If you’ve studied data structures in computer science, you’ll often learn about the performance implications of picking one over another. Indeed, we even mentioned “Big O Notation” in this blog post to highlight some of the strengths of particular structures. Using the right data structure in your code can definitely help performance, but this is not the only reason to pick the right tool for the job.
Stating Expected Behaviour
Developers who come to the code later, or who use any API exposed by your system, will make certain assumptions based on data structures. If the data returned from a method call is in a list, a developer will assume it is ordered in some fashion. If data is stored in a map, a developer can assume that there is a frequent need to look up individual elements by the key.
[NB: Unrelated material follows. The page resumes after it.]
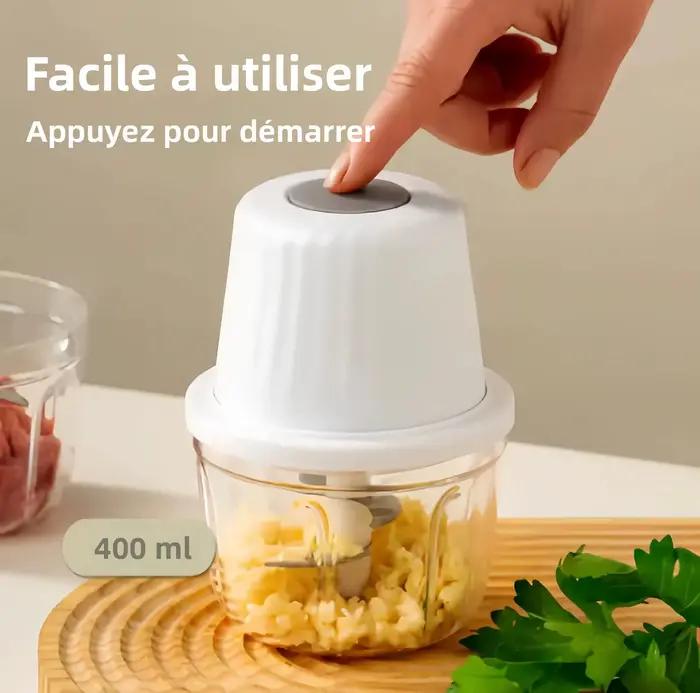 Hachoir à aliments électrique 400ML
If data is in a set, then a developer can assume it’s intentional that this only stores an element once and not multiple times. It’s a good idea to work within these assumptions rather than break them.
The overall goal of any developer, and especially of a reviewer, should be to ensure the code does what it’s supposed to do with the minimal amount of complexity – this makes the code easier to read, easier to reason about, and easier to change and maintain in the future. In some of the anti-patterns above, for example the misuse of Set, we can see that picking the wrong data structure forced the author to write a lot more code. Selecting the right data structure should, generally, simplify the code.
Picking the right data structure is not simply about gaining performance or looking clever in front of your peers. It also leads to more understandable, maintainable code. Common signs that the code author has picked the wrong data structure:
- Lots of iterating over the data structure to find some value or values
- Frequent reordering of the data
- Not using methods that provide key features – e.g. push or pop on a stack
- Complex code either reading from or writing to the data structure
In addition, exposing the details of selected data structures, either by providing global access to the structure itself, or by tightly coupling your class’s interface to the operation of an underlying data structure, leads to a brittleness of design, and will be hard to undo later. It’s better to catch these problems early on, for example during a code review, than incur avoidable technical debt.